Source information
========

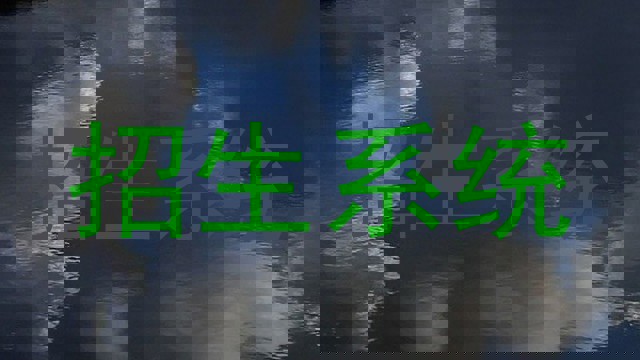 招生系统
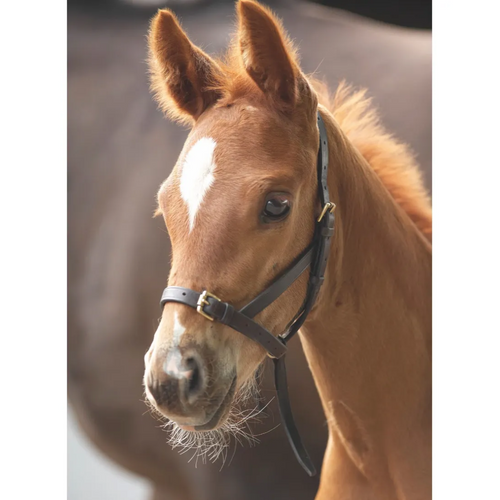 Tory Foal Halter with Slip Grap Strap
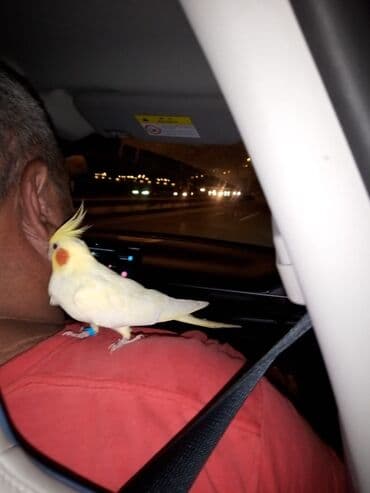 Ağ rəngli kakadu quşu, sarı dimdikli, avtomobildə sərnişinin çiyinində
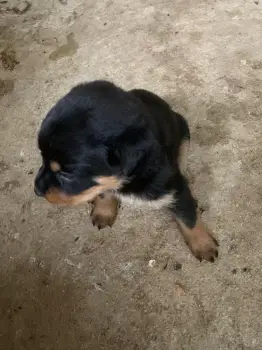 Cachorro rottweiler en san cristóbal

========

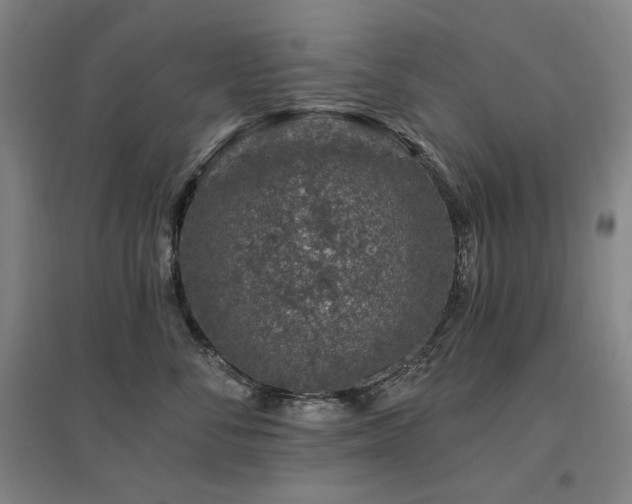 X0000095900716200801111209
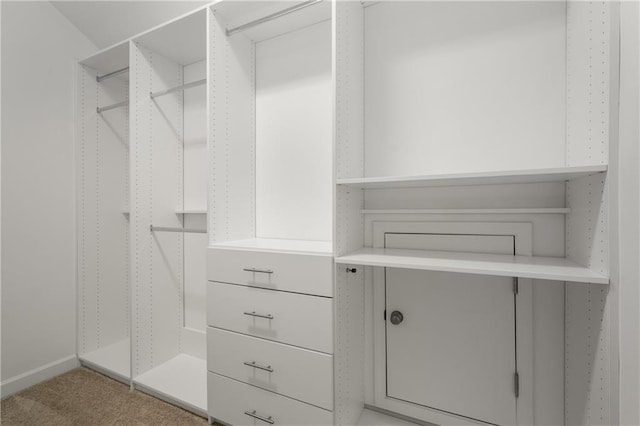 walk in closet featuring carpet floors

========

Give again, exactly as written above, each line from the one that has "Tory Foal Halter with Slip Grap Strap" to the one that has "Cachorro rottweiler en san cristóbal", both included; omit the pictures.

 Tory Foal Halter with Slip Grap Strap
 Ağ rəngli kakadu quşu, sarı dimdikli, avtomobildə sərnişinin çiyinində
 Cachorro rottweiler en san cristóbal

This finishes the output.